Les sociétés de gestion ont donc retrouvé des encours et ce, principalement grâce à des effets de marché favorables. Ces gains, combinés aux effets de devises, ont par exemple contribué pour 640 milliards de dollars à la hausse semestrielle de 831 milliards de dollars d’encours du numéro un du secteur, BlackRock (+9,7% d’encours sur le semestre). Ses encours s’élevaient à 9.425 milliards de dollars fin juin. BlackRock est en avance d’un trimestre sur ses encours par rapport aux prévisions des analystes. Ces derniers estiment qu’ils pourraient repasser les 10.000 milliards fin décembre pour atteindre un nouveau record historique.
Le résultat net de BlackRock progresse sur le semestre, les revenus de sa division technologique aussi. Mais côté collecte, la firme a « déçu » les analystes au premier semestre même si plus d’un gérant rêverait de collecter 190 milliards de dollars net en six mois.

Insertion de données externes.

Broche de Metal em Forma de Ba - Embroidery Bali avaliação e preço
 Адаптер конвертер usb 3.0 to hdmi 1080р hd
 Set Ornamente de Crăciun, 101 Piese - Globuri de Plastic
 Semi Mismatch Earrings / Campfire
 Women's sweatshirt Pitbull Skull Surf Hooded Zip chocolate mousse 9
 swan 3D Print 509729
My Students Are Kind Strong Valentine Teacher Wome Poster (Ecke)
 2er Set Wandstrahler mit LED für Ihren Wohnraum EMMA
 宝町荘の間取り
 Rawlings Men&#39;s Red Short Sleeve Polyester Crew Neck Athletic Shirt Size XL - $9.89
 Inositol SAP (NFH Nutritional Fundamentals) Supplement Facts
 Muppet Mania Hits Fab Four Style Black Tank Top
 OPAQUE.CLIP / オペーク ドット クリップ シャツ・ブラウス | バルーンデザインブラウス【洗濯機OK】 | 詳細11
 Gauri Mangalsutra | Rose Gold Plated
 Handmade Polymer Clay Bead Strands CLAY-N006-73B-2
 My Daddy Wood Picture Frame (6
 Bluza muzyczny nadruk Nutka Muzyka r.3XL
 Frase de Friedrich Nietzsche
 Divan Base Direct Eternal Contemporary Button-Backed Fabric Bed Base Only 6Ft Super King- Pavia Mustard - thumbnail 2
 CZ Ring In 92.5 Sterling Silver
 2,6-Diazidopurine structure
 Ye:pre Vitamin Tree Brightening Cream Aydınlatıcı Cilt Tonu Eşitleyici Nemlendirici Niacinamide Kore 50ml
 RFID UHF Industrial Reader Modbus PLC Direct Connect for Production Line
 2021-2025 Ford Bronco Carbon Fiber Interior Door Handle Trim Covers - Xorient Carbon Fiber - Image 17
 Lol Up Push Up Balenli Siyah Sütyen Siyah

Fortunes diverses chez les Français
En France, Amundi ainsi que les divisions de gestion d’actifs de BPCE (Natixis Investment Managers) et de BNP Paribas (BNP Paribas AM) ont vu leurs encours augmenter dans une fourchette de 3 à 5,4% par rapport à fin 2022. Leurs fortunes ont été diverses sur la collecte (négative pour Amundi sur le semestre) ainsi que sur les revenus et résultats nets. La gestion d’actifs d’Axa, elle, n’a pas bénéficié des effets de marché. Ils lui ont été au contraire défavorables et, associés à une décollecte provenant essentiellement des compagnies d’assurance du groupe, ont contribué à une baisse des encours moyens sous gestion de 4% sur le semestre.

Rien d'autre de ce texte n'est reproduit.